Revenant ensuite sur l'exemple de la Convention et de l'Empire, qui avaient mis en usage le système que l'on recommandait aujourd'hui, M. Guizot pensait que le ministère dont il

avait fait partie, comme celui qui lui avait succédé, ne s'étaient pas trompés quand ils avaient choisi entre le système de l'influence pacifique, constitutionnelle, libératrice, et celui de la propagande armée, violente et révolutionnaire.

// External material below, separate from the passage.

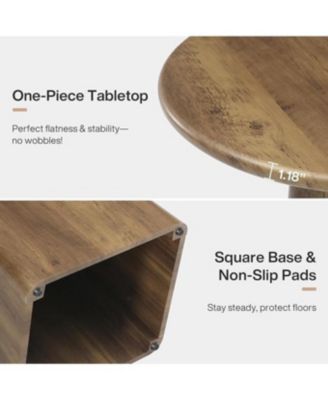 31.5-Inch Round Dining Room Table for 2-4, Farmhouse Small Kitchen Dinner Table, Rustic Brown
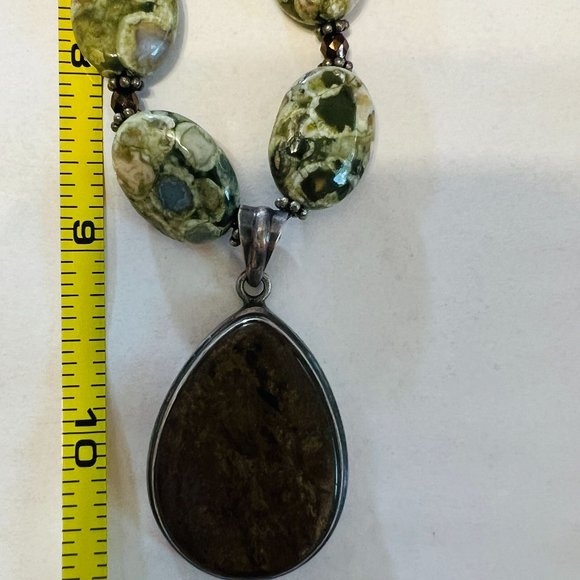 Vintage Artisan Rainforest Rhyolite Jasper Silver Necklace Bronzite Pendant OOAK - Picture 8 of 9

• Ce sont ces deux systèmes, ajoutait-il en terminant, qui, sous une forme plus ou moins prononcée, plus ou moins menaçante, se sont trouvés en présence. Ce sera dans l'avenir, sinon de demain, du moins de l'histoire, l'honneur de la révolution de juillet, d'avoir été pacifique en Europe, aussi bien que modérée, libérale en France; ce sera son honneur de s'être confiée dans la puissance de son exemple, dans la puissance du spectacle de ses institutions, de sa liberté, pour soutenir et propager en Europe des principes qui ne nous sont pas moins chers qu'à aucun autre, pour lesquels, autant qu'aucun autre, nous avons combattu. (Très bien, très bien!) Car, remarquez, Messieurs; nous voulons propager la liberté, mais non les révolutions. Les révolutions, l'insurrection, sont un mauvais état d'un pays: il faut souvent passer par là pour arriver à la liberté; ce n'est point la liberté elle-même. Rien ne se ressemble moins que le spectacle d'un pays en révolution et celui d'un pays libre.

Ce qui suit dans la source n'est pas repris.